Этого лысоватого бровастого чеора некогда приблизил к себе благороднфй чеор Эммегил. Но на удивление, когда сам попал в опалу, его с собой не забрал. Ни в чём противозаконном или хотя бы предосудительном человек этот замечен не был, так что его не трогали. Люди Гун-хе лишь присматривали за ним на случай, если вдруг окажется, что он продолжает поддерживать связь с прежним кормильцем.
И вот он, наконец, прокололся: так поспешил сообщить Эммегилу, что план сработал, что даже не стал дожидаться окончания приёма. Понятное дело, его посланца перехватили, да и сам чеор не ушёл от допроса, но знал он не много.
Впрочём, кое-что Шеддерик из него вытряс, и сам удивился новому знанию: не было никакого особого плана. Во всяком случае, за историей с ожерельем стоял кто-то другой, не Эммегил. Эммегил же приказал чеору просто приглядывать и сообщить о любом подходящем для атаки моменте.
Интрига была в духе благородной чеоры та Роа… но, пожалуй, это даже для неё — слишком явно и слишком дерзко. Кто-то, сообщник Эммегила, кто-то, кому выгоден скандал и, как итог — отсрочка свадьбы. Может, тайный союзник светлейшего чеора. Возможно — сиан. Та Манг?
А возможно — наёмник из дома Шевека, которому заказали рэту…
И над этим тоже следовало как следует подумать.
Намёк на возможную атаку на Цитадель неких тайных сторонников светлейшего чеора Эммегила Шеддерика встревожил, но он всё-таки довёл допрос до конца.
А потом слуга передал записку от Гун-хе, и Шедде, у которого наступающая ночь была расписана до мгновения, затейливо выругался и помчался в город. Смерть ювелира ломала многие планы и теории. Она была очень некстати. Но притом — вдруг она как-то докажет причастность к нападению на Темершану чеора Эммегила?
В доме ювелира были освещены почти все окна. Дверь в лавку охраняли солдаты из ночного патруля. К тайной управе они отношения не имели, но чеора та Хенвила узнали и пропустили внутрь без вопросов.

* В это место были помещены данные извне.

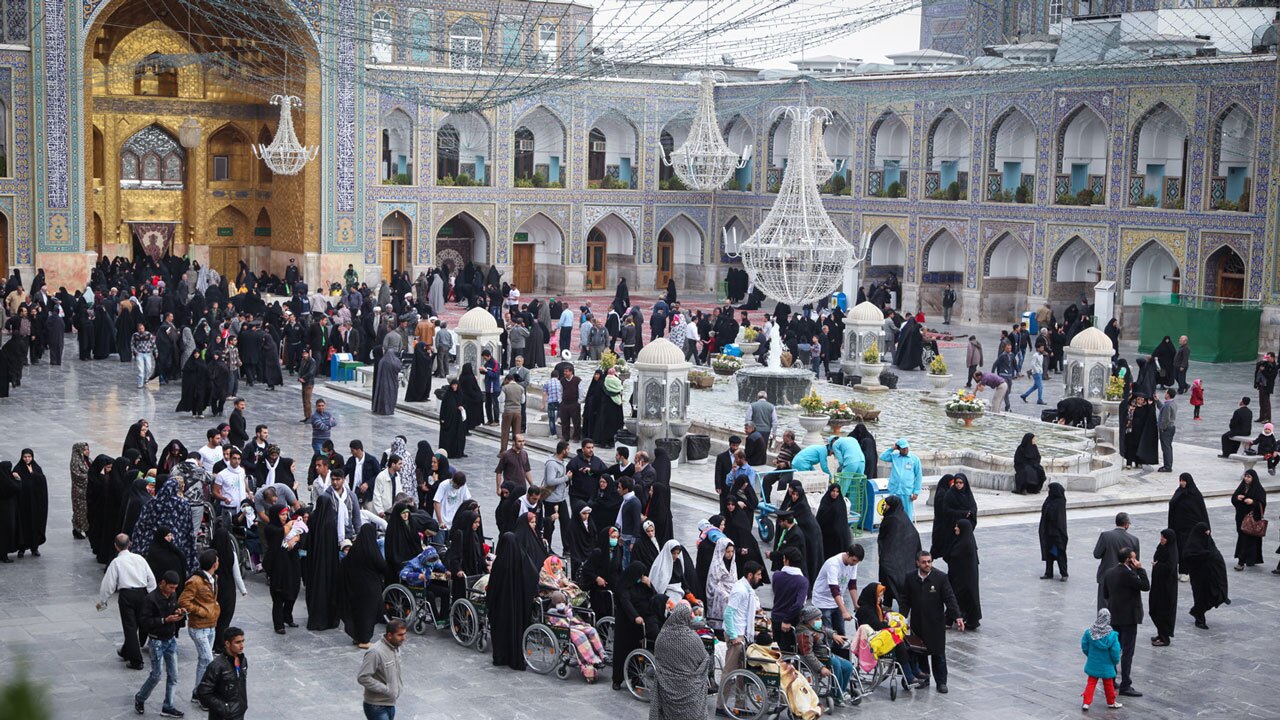 تشرف کودکان سرطانی به حرم مطهر امام رضا (ع) + فیلم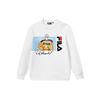 Fila Logo tegneserietrykk Løs sportsgenser herregenser Cloud-Sopp-Hvit F11M118204F-WT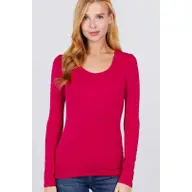 Scoop Neck Long Sleeve
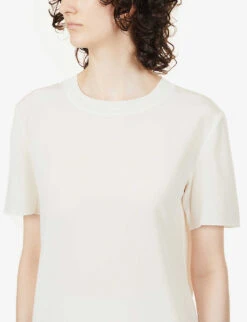 Joseph Rubin Silk-crepe Blouse -Reisi Clothing Shop R03900837 IVORY ALT04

Гун-хе как раз руководил двумя своими сотрудниками, уже загрузившими тело ювелира на носилки, но ещё не решившими, стоит ли нести его на улицу, или оставить пока в помещении, хотя бы до тех пор, пока не прибудет из городского здания управы прочная телега.

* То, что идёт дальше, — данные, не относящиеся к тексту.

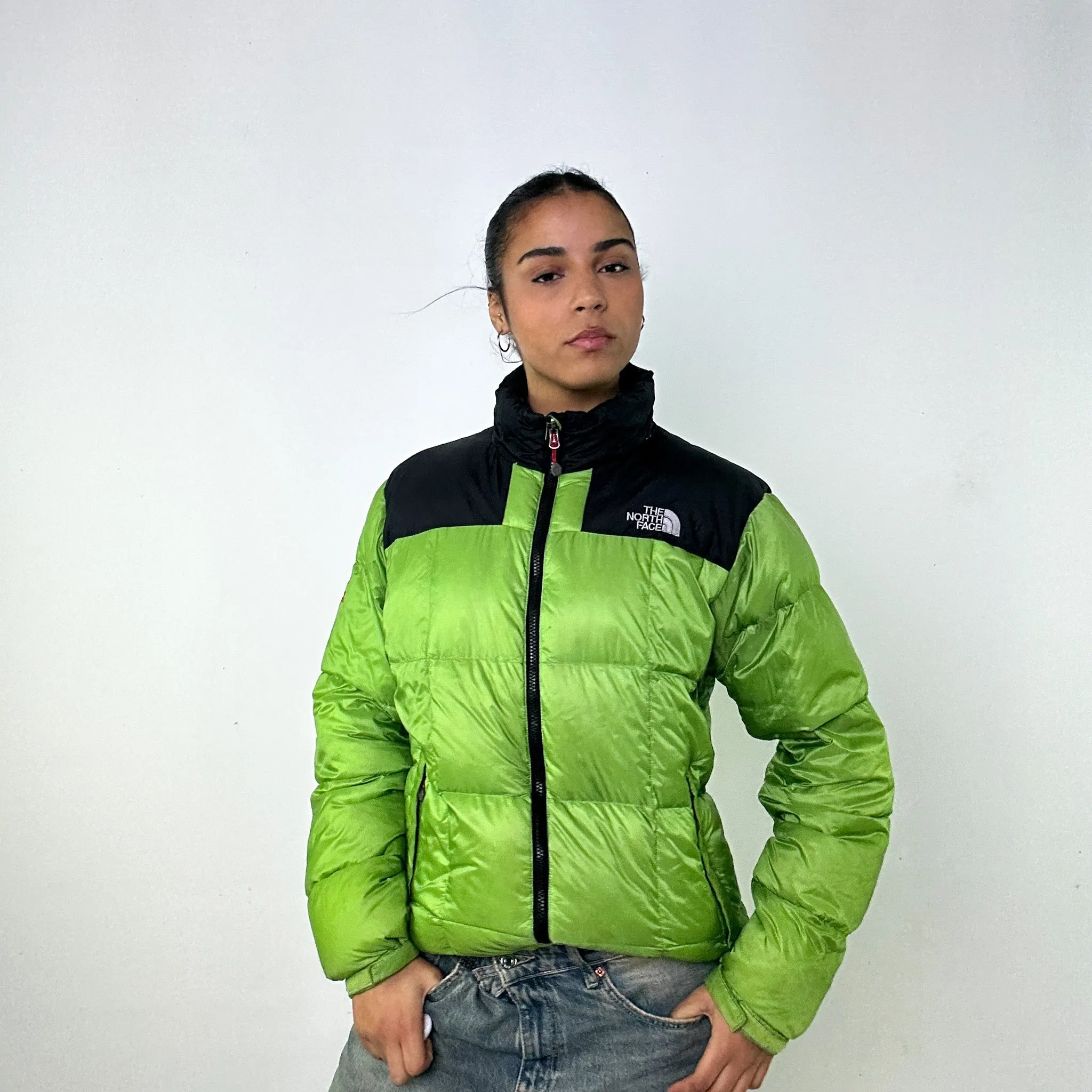 Green y2ks The North Face 800 Summit Series Puffer Jacket Coat (M)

Отправляться в тёплый мир хозяину лавки предстояло по утреннему морозцу. А хромая старуха, как оказалось, приходилась ему двоюродной тетушкой и требовала, чтобы тело племянника выдали ей немедленно.
Ювелир — человек не бедный, и хотя бы из уважения к этому самому богатству, предполагаемая наследница собиралась устроить ему морское погребение по всем канонам старинного ифленского обряда.
Дознаватели не соглашались: они надеялись, более тщательно осмотрев тело, если не вычислить яд, то хотя бы исключить все прочие возможные причины смерти.
На первый взгляд зацепиться было не за что: ни тебе запаха жжёного миндаля, ни расширенных до размера радужки зрачков. Цвет кожи тоже казался нормальным, настолько, насколько он вообще может быть нормальным у трупа.
Впрочем, за последнее Шедде не поручился бы. В свете свечей всё выглядит совсем иначе, чем в солнечных лучах.